Analysis of the quality factor in microbeam resonators with memory effects

The Quality factor (Q-factor) of a microscale resonator is defined as the ratio of the kinetic and potential energy to dissipation for various damping mechanisms of the structure. Therefore, improvement in the Q-factors is an essential factor in micro and nano-resonator applications for the high performance. It is well known that the thermoelastic damping (TED) is more decisive than other damping factors in devices as it is considered to be the source of intrinsic energy dissipation. Due to the influence of small-scale effect, the classical analysis model of TED fails in micro/nano-scale structures. The present article investigates the Q-factor of TED for a microbeam resonator.

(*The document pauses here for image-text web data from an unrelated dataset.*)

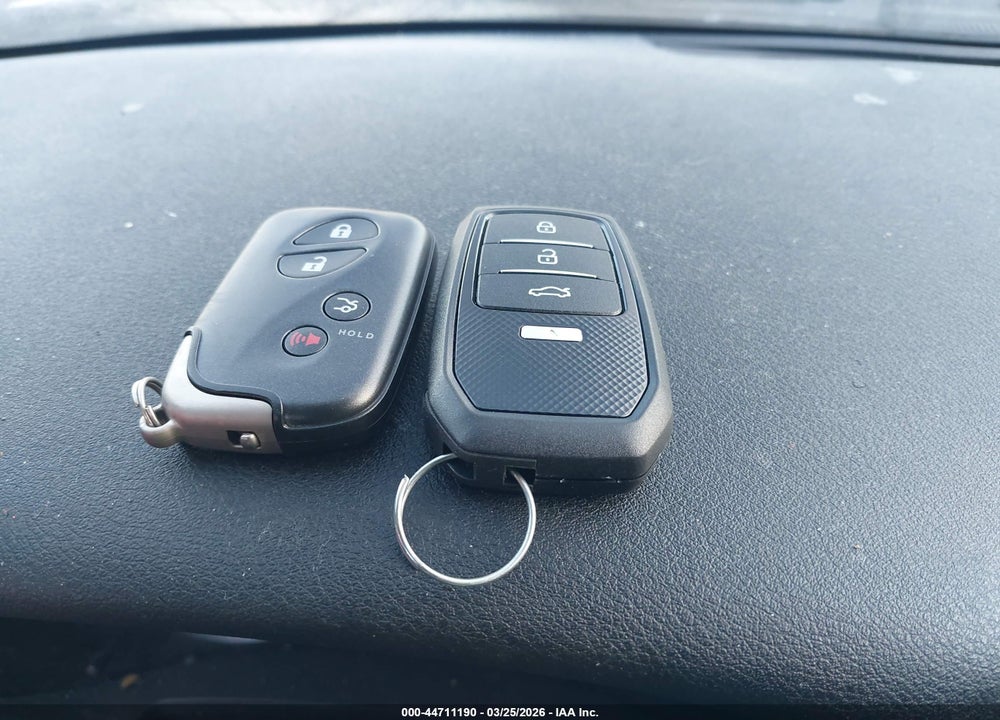 2013 LEXUS IS 250 VIN: JTHBF5C29D5191944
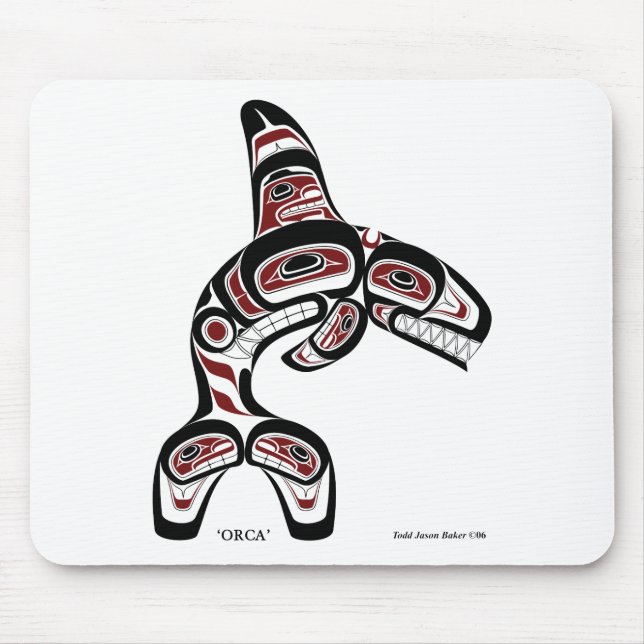 Tapis De Souris orque (Devant)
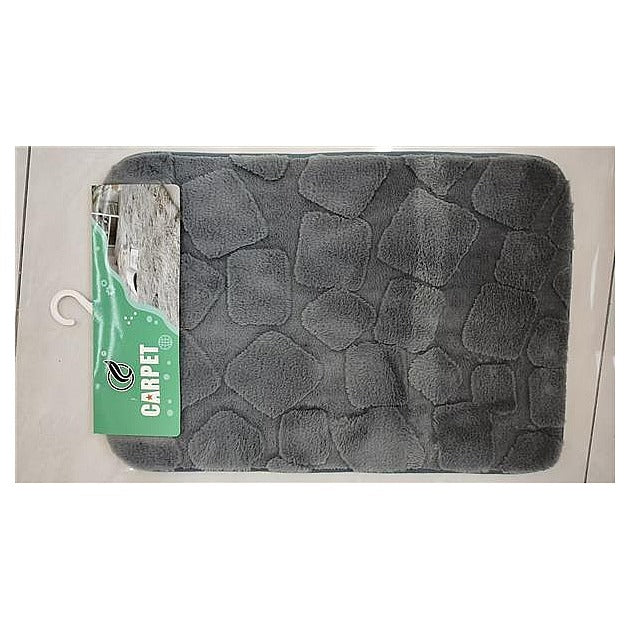 J1J4553 - - ALFOMBRA DE BAÑO ANTIDESLIZANTE GRIS (60/1)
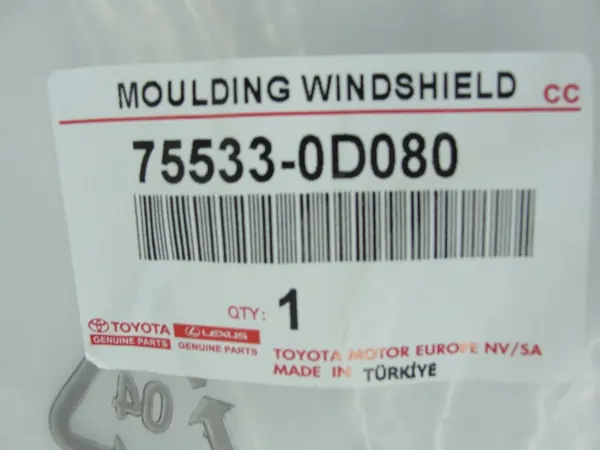 Etupenkin tiiviste Toyota Yaris III 2011-2020 image 2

Heat conduction equation for the present analysis is considered in the context of Moore–Gibson–Thompson theory incorporating the memory dependent derivative within a slipping interval. It is assumed that both the upper and lower surfaces of the micro-mechanical resonator is thermally insulated. According to the assumption of vibration mode and the boundary conditions, the size-dependent Q-factor expression of the TED is derived on applying the complex frequency method. The numerical simulation investigates the contrasts between different kernel function of the heat transport process. The variation of TED versus the length and height of the microbeam resonator have been studied. According to this study, TED is suppressed as the magnitude of the time-delay parameter grows, leading to an improvement in the Q-factor of the microscale beam. Furthermore, it can be concluded that a nonlinear kernel yields a greater quality factor (Q) of the resonator's sensitivity when compared to the other kernel function possibilities.